Selbst beim Zigarettenkaufen wird Jaco Rittmann bereits erkannt: Wie es ihm gefalle und wann er wieder nach Hause fliege, hat man den verwunderten Namibier in Karlstadt gefragt. Auf „Gemlisch“, einer Mischung aus Deutsch und Englisch, hat er geantwortet. Auf „Gemlisch“ stellt er auch seine Fragen, wenn er im Training beim Zementwerk Schwenk neben den deutschen Kollegen an den Maschinen steht.
Für fünf Monate, von April bis Ende August, lebt, wohnt und arbeitet Jaco Rittmann gemeinsam mit vier weiteren Namibiern in Karlstadt. Sein Arbeitgeber: Das Zementwerk Schwenk. Sein Ziel: Möglichst schnell möglichst viel erfassen, aufnehmen und lernen. Denn nach der Rückkehr wird sein neuerworbenes Wissen über die Zementherstellung sofort gefordert: im neu gebauten Zementwerk in seinem Heimatland.

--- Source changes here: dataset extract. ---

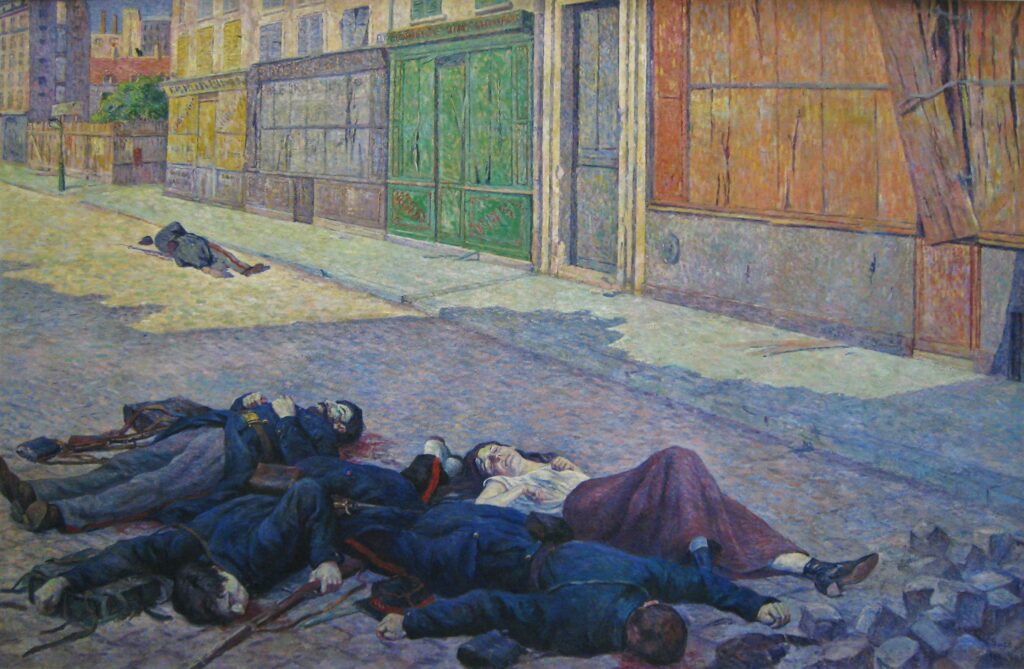 Maximilien Luce (1858-1941): 1903-05, SDbr, A Paris street in May 1871 (The Commune), 150x226, Orsay (iRx;R306,no49) =21SdI-1905-2565 =BJ1907-1 =36SdI-1926-1616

Warum man sich bei Schwenk für Namibia entschieden hat? „Es gibt dort noch kein Zementwerk“, sagt Werkleiter Johann Trenkwalder. Auch nicht in den angrenzenden Ländern Angola oder Simbabwe. In einem landesweiten Bewerbungsverfahren hatte das Werk nach rund 300 potenziellen neuen Mitarbeitern gesucht. 20 von ihnen, die meisten aus der Minen- und Schiffsindustrie, schickte man nach Deutschland. Verteilt auf die vier Schwenk-Werks-Standorte Bernburg, Allmendingen, Mergelstetten und Karlstadt werden sie derzeit in einem Trainingsprogramm zu Zementwerk-Spezialisten geschult.
„Ich habe vorher in einer Mine gearbeitet, aber ich wollte schon immer in ein Zementwerk“, erzählt Jim Horaeb. In Namibia ist er zukünftig Control-Room-Operator, das heißt er überwacht Drucke, Temperaturen oder chemische Qualitäten in der Zementproduktion. Was man hier falsch machen kann? „So einiges, zum Beispiel die Anlagen überhitzen oder im schlimmsten Fall zum Stillstand bringen“, erklärt Trenkwalder. Deshalb durften die 20 Namibier in der ersten Woche nur im Bernburger Werk am Simulator den Ofen- oder Zementmühlenvertrieb steuern. Nun aber stehen sie auch in Karlstadt neben den deutschen Kollegen im Schichtbetrieb.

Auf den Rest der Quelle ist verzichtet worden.